Obviously, tremendous experience at the GMM level.

Ken Hicks

Yes.

Bob Buchanan - A.G. Edwards

I'm just wondering also, on the off-the-mall, if you can update us there as to what's going on there, whether there were any new test initiatives beyond Mount Juliet in Tennessee? Just comment as to how you may have beefed up your real estate staffing to deal with the different reality with regard to strip center locations.

Mike Ullman

Yes, I will comment on that. We have, in fact, beefed up our market area research, as well as our planning and our real estate team. They are up to the task. We've identified more than 50 stores in terms of the pool of opportunities for 2007, and we feel very confident about being able to deliver the 50 stores in the appropriate locations to for next year already.

In terms of the prototype at Mount Juliet, we made 20 changes in that store from our previous mall prototype, and we're going to continue to evolve that concept. We feel, at the moment, the last six stores have performed exceedingly well, and we just think it just keeps getting better and better. We are obviously focusing on productivity as well as what the customer is telling us about the experience.

The fact that we are putting Sephora in predominantly new stores next year will tell you that there will be an evolution there. It's going to being center stage as you come into the store, leading into fine jewelry, and we think that will drive productivity and excitement in that off-mall concept.

Bob Buchanan - A.G. Edwards

Great, thanks so much.

Operator

Our next question comes from Michelle Clark, Morgan Stanley.

Michelle Clark - Morgan Stanley

Thank you, good morning. Can you guys tell us what assumptions you are making in your full year guidance? First in terms of the strength of the consumer and then secondly on any market share gains resulting from consolidation in the department store sector?

Mike Ullman

I think, overall, we've always planned what we think is appropriate for the economic climate as well as what we see as the business opportunities.
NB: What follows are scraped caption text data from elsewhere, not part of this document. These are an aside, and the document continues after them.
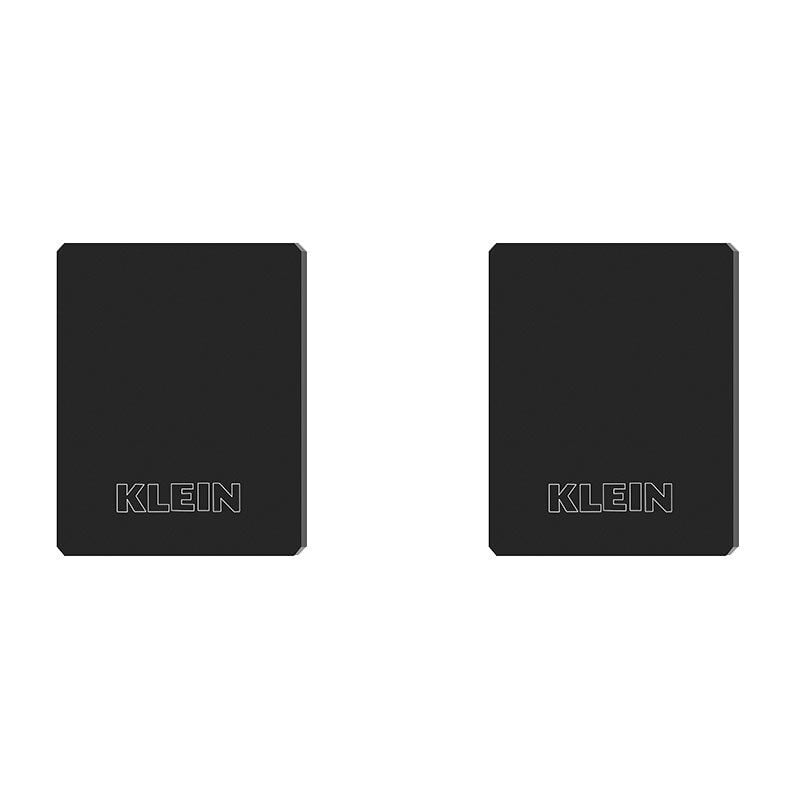 Ensemble de caches latéraux Lite Guide + 100 clips noirs (F8)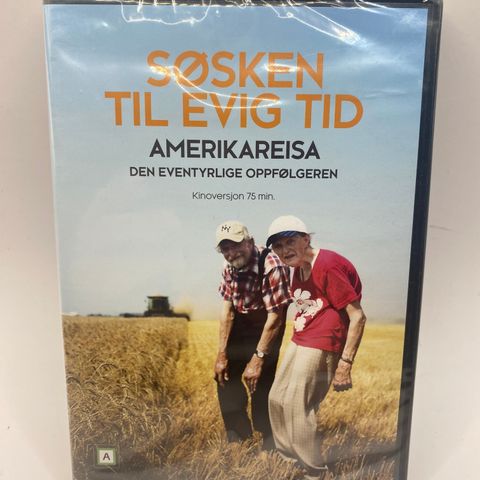 Søsken til evig tid - Amerikareisa (Ny i plast) DVD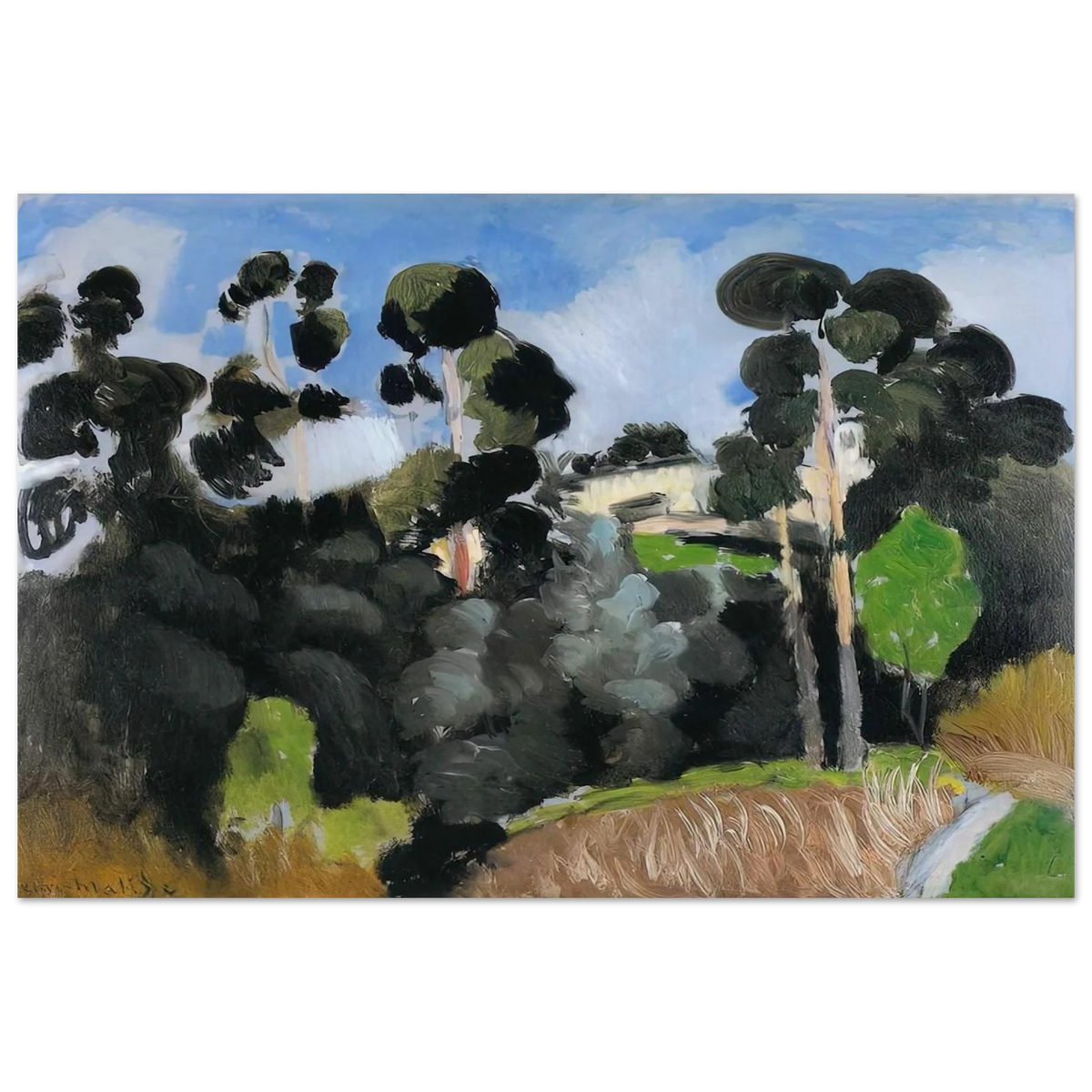 LANDSCAPE 1 Poster | Henri Matisse Poster | Henri Matisse Print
One nice thing about retailing is you can always look back and see things that you could've done better, and we believe that we have those opportunities throughout the year.

As I said earlier, we believe we're competing very effectively against the mall-based competitors, where most of the consolidation impact is being seen. We believe that our new store strategy will gain a lot of new customers as we expand into the off-mall format.

So, we are aware of the pressure that our consumer is feeling, in terms of the effect, the potential effect of gasoline price increases, but at the same time, given the style and quality they are getting at a smart price, we believe we're very well-positioned for that kind of an economic climate. So far, she hasn't disappointed us.

Operator

Our next question comes from Stacy Turnof, Merrill Lynch.

Stacy Turnof - Merrill Lynch

Good morning, everyone. First, can you tell us what you are expecting real estate income to be at the year-end?

Bob Cavanaugh

Yes, I think our normal run rate, Stacy, for real estate operations is about $7.5 million per quarter or $30 million for the year. That would include sublease income on certain properties, as well as income from joint ventures in our JCP Realty operation. That's normal real estate operations. Anything else would be real estate income on the sale of properties on a periodic basis, and we certainly wouldn't plan that. But our plan does have a normal run rate of $30 million a year for normal real estate operations.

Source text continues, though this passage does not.